I have tried a few different models, both linear and non-linear. And here is brief (upside) comparison between the two groups.
linear | non-linear |
---|
- fast | - higher accuracy
- dimensionality reduction bundled in model construction with L1 penalty | - good trade-off of runtime speed and prediction accuracy
- lower memory consumption |
More in-depth analysis on the experimented models follow below:
- Easy to switch back and forth between linear/non-linear models
- Easy to integrate kernel trick for non-linearity
- Works well for high dimensional data
- Slow training and prediction (compared to linear models)
- Super fast speed
- Online learning (no need to have all data set ready when training model)
- No support for linearity (could apply kernel trick on data set before training)
- Vowpal Wabbit implements SGD classification with multi-node scalability
- Environment issue: While trying to apply non-linear techniques, I kept getting
segmentation fault: 11
. - Resources issue: When the above error was not thrown, memory was maxed out even though all the 64-bit data was converted to 32-bit to save some space. In other words, even cutting data size by half did not seem to help as I kept reaching the memory limit. And I suspect it might be because of the nature of Python. It consumes more memory than other languages. I did not think I would run into this kind of issue with 100K by 500 data set and thus chose python, but since it does, I might look at other platforms next time.

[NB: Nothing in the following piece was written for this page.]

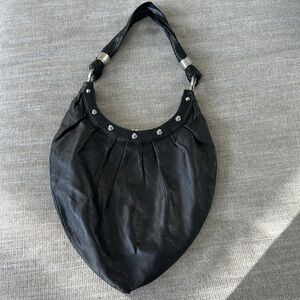 VTG 1980s/1990s Cesare Paciotti black leather purse.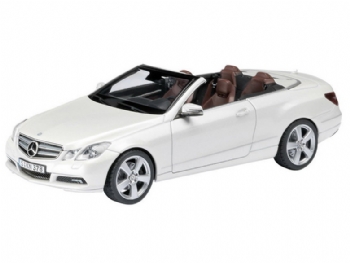 Schuco 07366 Mercedes E Class Cabriolet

#6 in IMPORTANT ADDITIONAL NOTES
in the instructions, it states that
For each record, there are two target/dependent variables
(field names: TARGET_B and TARGET_D). TARGET_B is a binary variable
indicating whether or not the record responded to the promotion of
interest ("97NK" mailing) while TARGET_D contains the donation amount
(dollar) and is only observed for those that responded to the
promotion. **Neither of these should be used to train the model**.
But since this is a classification, regression problem, dependent variable (Y) is required. My modeling is based on the assumption that the two target variables can be used to train the model.
After running into environment issues and limitations from resources, I came to think about other approaches that I could take to get better performance and stability. This still may not work as it is just a theory, but I think there is a good chance it still will as it is designed to take less resources.
- Kernel trick with RBF: The variables seem to have non-linear relationships that can only be exploited by proper non-linear models. RBF can fit to any shape of data distribution and so is a good option to explore.
- step-wise feature selection: At every round, select one variable with the highest score. Variables will be added until the model meets stop criteria. (# of variables, % of variance explained, accuracy, etc) This may result in longer execution time, but will take less resources.
- SGD or SVM: Since RBF kernel would be already applied above, the model would not need to be non-linear. SGD is a linear model that provides super fast online learning. It is known to scale well to a cluster of machines. The reason SVM might be still worth a shot is its adaptibility to high-dimensional space.